CIOs are subcontracting critical services to protect their businesses from increasing cyberthreats.
Security resellers and MSPs certainly have their work cut out for them in terms of earning IT decision makers’ trust, and therefore maintaining their business.
That’s according to new research by ESET, which asked more than 100 IT decision makers about their future plans around cybersecurity and their views toward their security partners.
Trust is the most important factor for CIOs when choosing IT partners to work with, but trust appears to be falling short, with only one-half of CIOs saying they trust their existing security reseller quite a lot or a great deal, while less than one-quarter said the same about providers they don’t currently work with.
David Mole, ESET‘s U.K. channel director, tells us the lack of trust could be due to a lack of communication and transparency.
“Keeping CIOs up to date on how active and proactive the reseller is being when it comes to quality assurance is an important component of keeping trust,” he said. “With cybersecurity, a breach is often not about if, but when.
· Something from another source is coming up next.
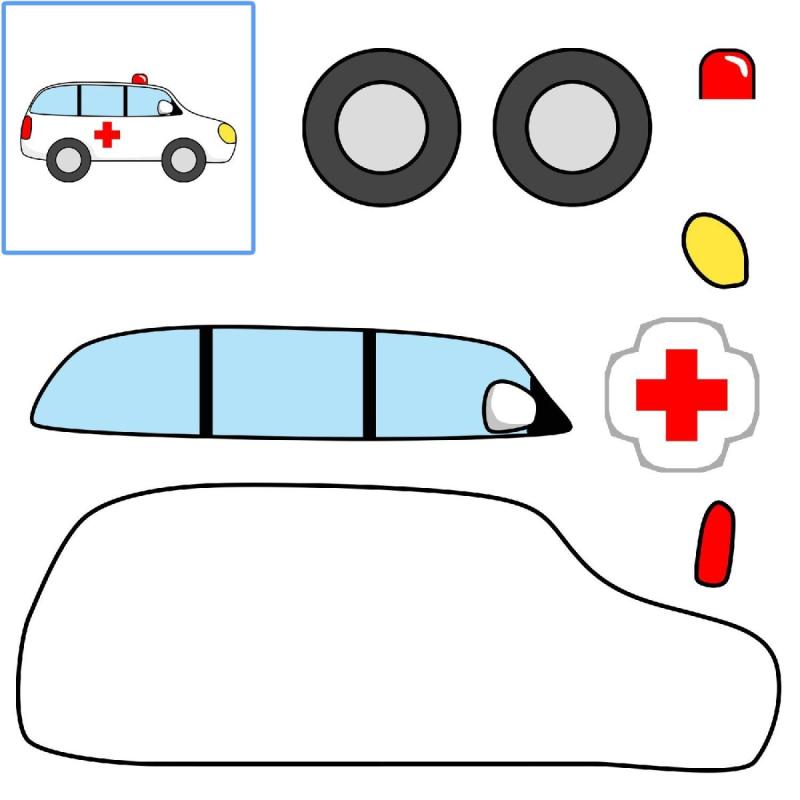 Машинка из цветной бумаги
So it is an imperative that the reseller demonstrates how they are constantly reevaluating their security provision. This is where trust comes clearly into the equation.”
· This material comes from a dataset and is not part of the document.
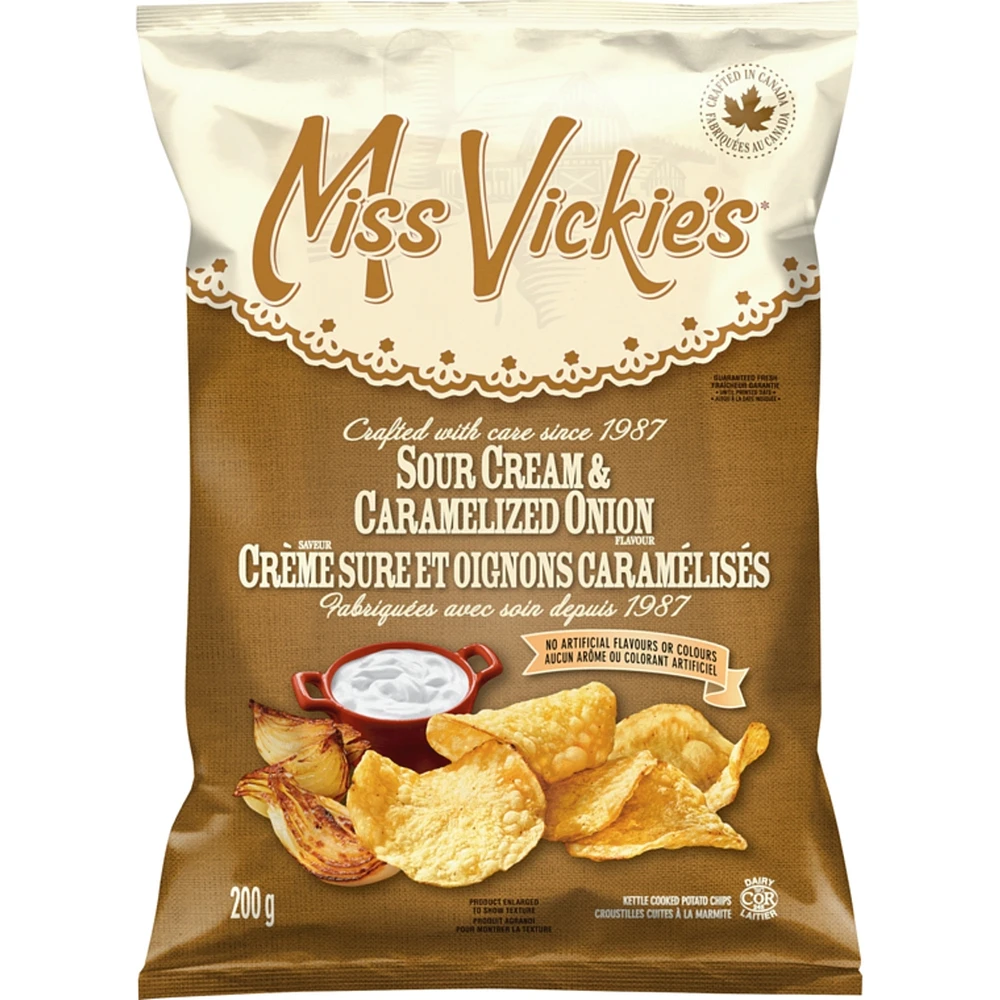 Croustilles cuites à la marmite Saveur Crème sure et oignons caramélisés 200g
CIOs are subcontracting critical services to protect their businesses from increasing cyberthreats, Mole said. Businesses have increasing legal responsibility, and checks and balances to protect their customer data, with the very real possibility of extreme financial penalties if they don’t, he said.
According to research by FireEye, the vast majority of organizations plan to increase their cybersecurity budgets this year, with nearly 40% of U.S. organizations surveyed expecting budget increases of 10% or more.
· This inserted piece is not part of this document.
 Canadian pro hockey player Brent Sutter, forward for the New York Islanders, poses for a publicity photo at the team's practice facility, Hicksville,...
CIOs rate trust in their channel partner as more important than having a high level of technical and engineering expertise, and cost, while their provider’s knowledge of new technologies is rated as significantly less important in influencing end-users’ choice of security supplier, according to ESET. Right at the bottom of the pile in terms of importance, however, are regular contact from account managers, a painless renewals process and peer recommendation.
When asked whom they trust most for guidance in selecting IT security products, potential new providers of IT products and services ranked as the least trusted source of guidance at an average of just 2.5. CIOs, however, are most likely to turn to peers at other organizations in a relevant sector ahead of any other source. Peers are placed way ahead of current VAR or MSP partners and security vendors.
Meanwhile, government entities are less trusted than one might expect, and there is further evidence of the lack of faith IT professionals have in their colleagues as the average level of trust placed in employees’ ability to follow IT security best practice is rated at just 2.86.
“I think the research throws up that there is certainly work to be done to bridge the trust gap,” Mole said. “It is also probable that many MSPs are working hard in the background but not communicating their good work. A good place to start can be as simple as customer satisfaction surveys that shed light on any trust gap and will go some way to helping the MSP understand what changes they need to make to bridge that trust gap.”
Channel partners need to demonstrate experience and understanding of the unique challenges faced by end users, emphasize the value that they can add, ensure that they are focused on adding real value for the long term and deliver on their promises, he said.